## ACTIVITY
Within the listing that follows, reproduce exactly the lines starting at the line with "Gafas de sol" and ending at the line with "Prestige Apparel 2024SS 크루넥 프린트 니트", inclusive, and only those. Pictures are dropped.

## RECORDS SUPPLIED

★ ★ ★

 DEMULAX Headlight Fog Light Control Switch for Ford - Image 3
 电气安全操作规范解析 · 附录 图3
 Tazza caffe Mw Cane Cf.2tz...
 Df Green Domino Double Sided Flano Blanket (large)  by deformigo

★ ★ ★

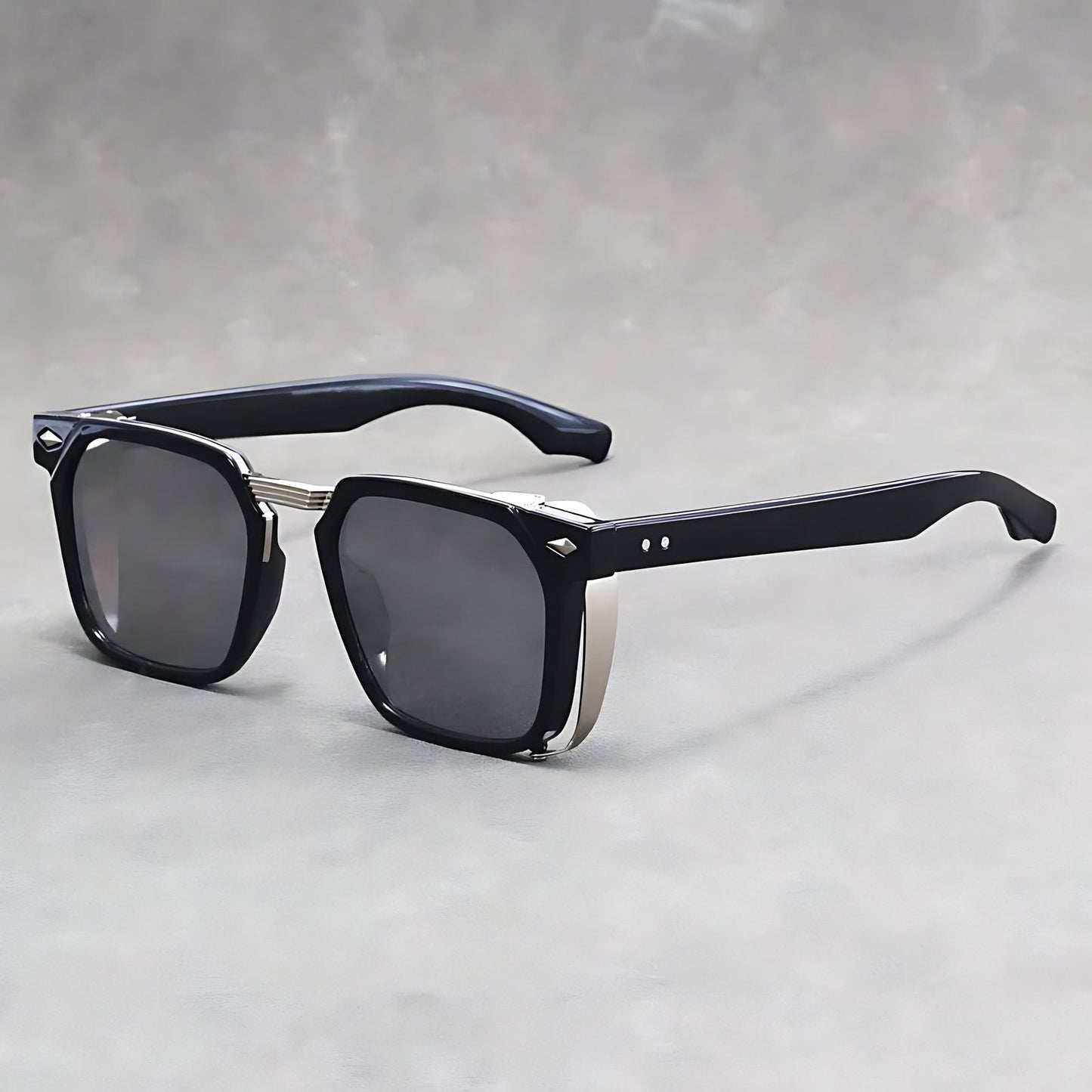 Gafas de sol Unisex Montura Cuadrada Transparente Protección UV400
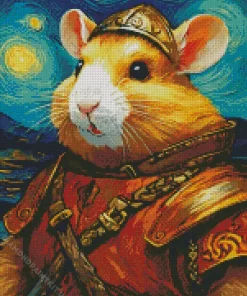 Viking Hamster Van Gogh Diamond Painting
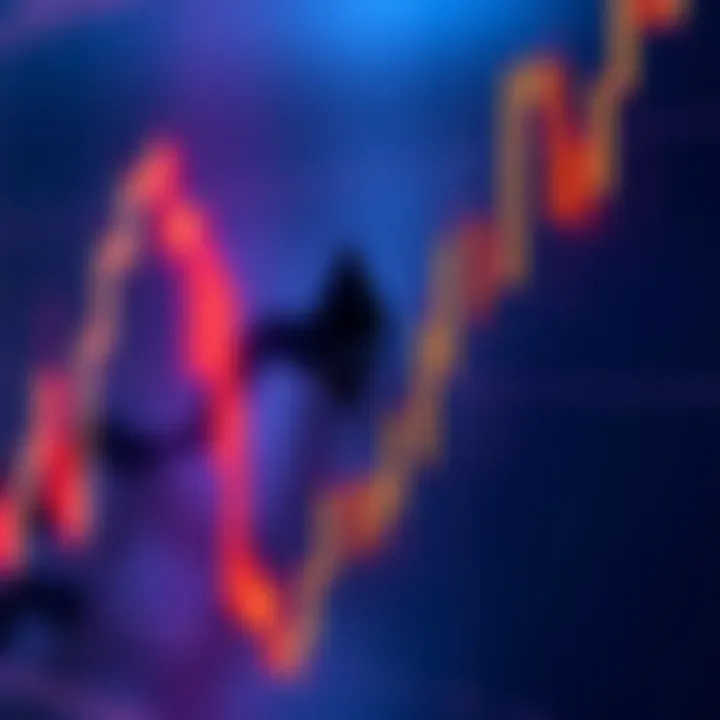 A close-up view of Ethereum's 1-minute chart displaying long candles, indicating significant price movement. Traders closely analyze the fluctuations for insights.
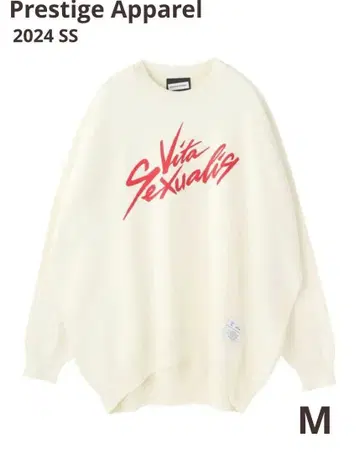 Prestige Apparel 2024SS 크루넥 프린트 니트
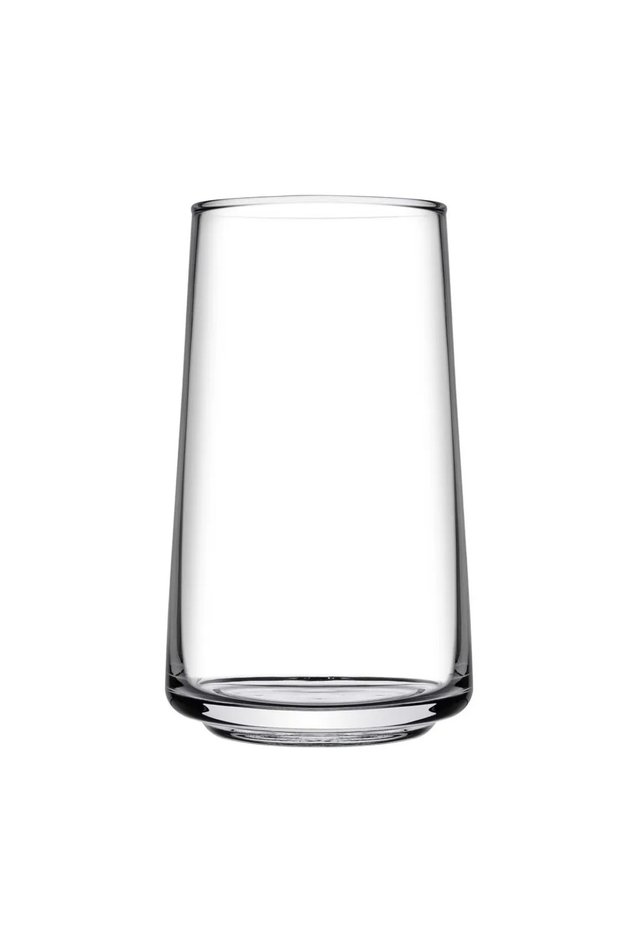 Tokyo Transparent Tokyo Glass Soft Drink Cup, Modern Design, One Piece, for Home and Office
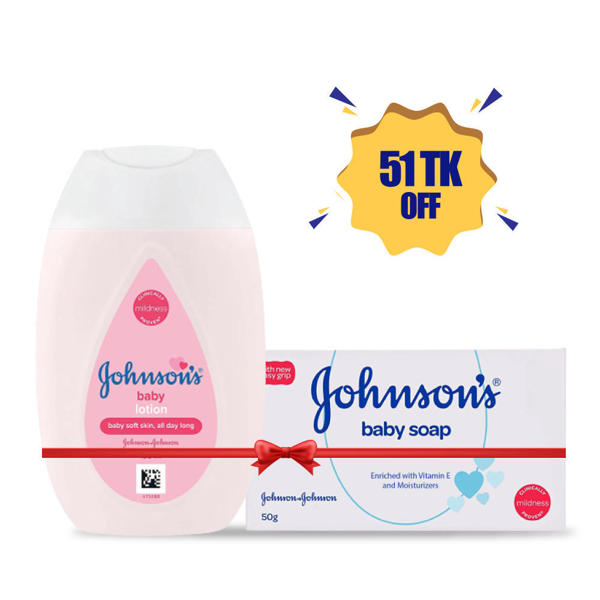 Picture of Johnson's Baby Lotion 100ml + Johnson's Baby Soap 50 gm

★ ★ ★

## SOLUTION FOR THIS EXERCISE
 Gafas de sol Unisex Montura Cuadrada Transparente Protección UV400
 Viking Hamster Van Gogh Diamond Painting
 A close-up view of Ethereum's 1-minute chart displaying long candles, indicating significant price movement. Traders closely analyze the fluctuations for insights.
 Prestige Apparel 2024SS 크루넥 프린트 니트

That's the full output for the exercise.